If the sentence was..

_"aise meN donoN shaayad maayuus aur akelaa mahsuus kareN"

_It does not provide the object. donoN kis ko maayuus aur akelaa maHsuus kareN? ho saktaa hai "donoN (maaN aur baap) apnii beTii ko maayuus aur akelaa maHsuus kareN". So "xud ko" emphasises that the subject and the object are the same.


----------



## marrish

^In the above sentence _xud ko (khud ko)_ is essential because it has the function of reflexive pronoun, otherwise the sentence would be 
_
bhaaratiiy naagarik mahsuus kartii huuN
_
... and it would have a different meaning.


----------



## greatbear

Your point is pretty much valid, tonyspeed: in fact, one does also say "aise meiN shaayad ..." without the 'khud ko', and the meaning would remain the same. 'khud ko' might bring in extra precision (see QP's post, no. 6), though this extra precision is kind of useless here: without the 'khud ko', the sentence would naturally lead one to think that one is talking of oneself, not beTii or beTaa.

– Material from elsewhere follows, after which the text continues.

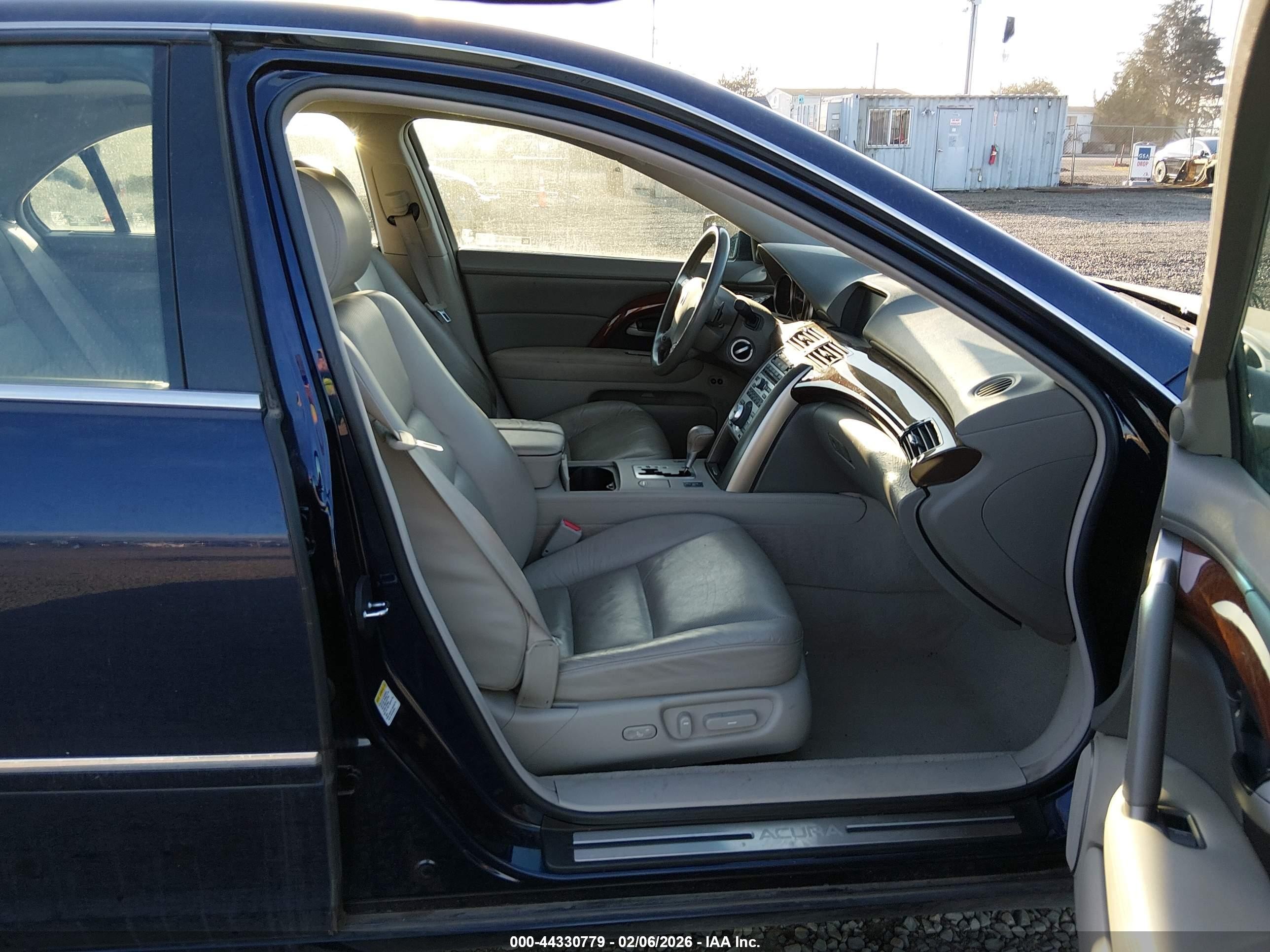 2008 Acura Rl 3.5 Dark Blue vin: JH4KB16648C000001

As for the bhaartiye naagrik, the same applies: "maiN ek bhaartiye naagrik maihsoos kartii hooN" is same as "maiN apne aap ko/khud ko ek bhaartiye naagrik maihsoos kartii hooN".


----------



## tonyspeed

QURESHPOR said:


> If the sentence was..
> 
> _"aise meN donoN shaayad maayuus aur akelaa mahsuus kareN"
> 
> _It does not provide the object. donoN kis ko maayuus aur akelaa maHsuus kareN? ho saktaa hai "donoN (maaN aur baap) apnii beTii ko maayuus aur akelaa maHsuus kareN". So "xud ko" emphasises that the subject and the object are the same.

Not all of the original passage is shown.